Just the apples when they are ready here. More than likely will just freeze them. Baggies and the freezer are easy for fried apples.


----------



## Shogun

i've often wondered who the hell REALLY eats beats.  YUK.


I have no idea how to can anything.  I think it has something to do with a pressure cooker but Id rather cook with mine than pretend it's 1846.


----------



## Big Black Dog

Canning?  Yep.  I'm sitting on my can!!!  (I know, very little humor.)  Our garden is nowhere near ready yet because of the difference in growing seasons.  Besides, with all the rain we've had there isn't going to be much of a bounty.  I will, however, be  right over for some of those pickled beets!!!  Very yummy...


----------



## strollingbones

i have one pint of golden beets....i cant screw it up....the only vingear i have is distilled white...it calls for cider....oo i dont wanna cloud this with cider...but i am canning reds too...so i dont wanna fake this too much for the fair...they dont taste them...its looks only...plus i need pectin to make freezer jams


----------



## Big Black Dog

> i've often wondered who the hell REALLY eats beats. YUK



Oh, no, you're wrong.  Beets are really good - especially the pickled ones!  I like them cold (out of the fridge).  Another really great thing about beets is that it turns baby's poop a nice purple color!!!


----------



## strollingbones

Big Black Dog said:


> i've often wondered who the hell REALLY eats beats. YUK
> 
> 
> 
> 
> Oh, no, you're wrong.  Beets are really good - especially the pickled ones!  I like them cold (out of the fridge).  Another really great thing about beets is that it turns baby's poop a nice purple color!!!
Click to expand...


turns everyones that way....o shogun stop being so modern...nothing wrong with cannong food...i know where my food comes from


----------



## strollingbones

we dry apples


----------



## Shogun

I hear ya.. and more power to you.  I guess i'd have responded different if you were canning peppers or tomatoes rather than...  BEETS.


----------



## strollingbones

the beets are for the fair damn it....i still have beets from last year...i am beginning my stuff for the fair....i am entering the mushroom piece (which is not finished) in flat stained glass...still not sure what i will do for the 3 d stained glass...i have an evening of freezer jams...blueberry and peach...i am not sure about raspberry yet


----------



## Citizen

Planing on canning 3 bushels of patridge head beans, pickles, and freezing the cut corn.


----------



## AllieBaba

Shogun said:


> i've often wondered who the hell REALLY eats beats.  YUK.
> 
> 
> I have no idea how to can anything.  I think it has something to do with a pressure cooker but Id rather cook with mine than pretend it's 1846.

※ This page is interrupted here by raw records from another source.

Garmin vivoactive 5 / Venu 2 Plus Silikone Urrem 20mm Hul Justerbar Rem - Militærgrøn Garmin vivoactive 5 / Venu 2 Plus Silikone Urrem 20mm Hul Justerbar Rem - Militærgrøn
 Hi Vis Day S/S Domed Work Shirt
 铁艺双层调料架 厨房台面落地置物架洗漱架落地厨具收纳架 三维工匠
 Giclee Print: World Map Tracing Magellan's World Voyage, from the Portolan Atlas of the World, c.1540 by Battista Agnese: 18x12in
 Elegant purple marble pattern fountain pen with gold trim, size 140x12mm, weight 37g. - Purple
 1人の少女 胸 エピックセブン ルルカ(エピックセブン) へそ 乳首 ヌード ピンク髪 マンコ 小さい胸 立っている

omg, I LOVE beets. I like beet greens, and baby beets, and harvard beets, and cold pickled beets.

My 6 y.o. daughter does, too.


----------



## Againsheila

strollingbones said:


> did green beans last night....will do pickled beets today...anyone else canning...will do freezer jam as soon as i get pectin.
> 
> i got 3rd last year in pickled beets...i am going after first this year...i have had a major crop failure in the "gold" beets which are my ace....everyone else has red beets...but i dont know if i have enough for even a pint...but i am trying



I planted green beans and don't have any yet...what am I doing wrong?


----------



## xotoxi

Why do they call it "canning" when everything is in jars?


----------



## AllieBaba

Againsheila said:


> strollingbones said:
> 
> 
> 
> did green beans last night....will do pickled beets today...anyone else canning...will do freezer jam as soon as i get pectin.
> 
> i got 3rd last year in pickled beets...i am going after first this year...i have had a major crop failure in the "gold" beets which are my ace....everyone else has red beets...but i dont know if i have enough for even a pint...but i am trying
> 
> 
> 
> 
> I planted green beans and don't have any yet...what am I doing wrong?
Click to expand...


Global cooling.


----------



## Anguille

AllieBaba said:


> Shogun said:
> 
> 
> 
> i've often wondered who the hell REALLY eats beats.  YUK.
> 
> 
> I have no idea how to can anything.  I think it has something to do with a pressure cooker but Id rather cook with mine than pretend it's 1846.
> 
> 
> 
> 
> omg, I LOVE beets. I like beet greens, and baby beets, and harvard beets, and cold pickled beets.
> 
> My 6 y.o. daughter does, too.
Click to expand...

You can't beat beets! Love 'em!!


----------



## xotoxi

Anguille said:


> AllieBaba said:
> 
> 
> 
> 
> 
> Shogun said:
> 
> 
> 
> i've often wondered who the hell REALLY eats beats. YUK.
> 
> 
> I have no idea how to can anything. I think it has something to do with a pressure cooker but Id rather cook with mine than pretend it's 1846.
> 
> 
> 
> 
> omg, I LOVE beets. I like beet greens, and baby beets, and harvard beets, and cold pickled beets.
> 
> My 6 y.o. daughter does, too.
> 
> Click to expand...
> 
> You can't beat beets! Love 'em!!
Click to expand...

 
Beet greens are pretty good.


----------



## Shogun

you are all weird people.


----------



## editec

Pickled eggs and beets are one of my favorite bar foods.

Non-pickled beeets?

Not so much.


----------



## strollingbones

yall just dont know how to cook fresh beets...you can roast or you can do this...get apricot nectar at the store....boil the beets in the appricot neutar for 1/2 hour...add some honey...boil another 1/2 hour till fork tender...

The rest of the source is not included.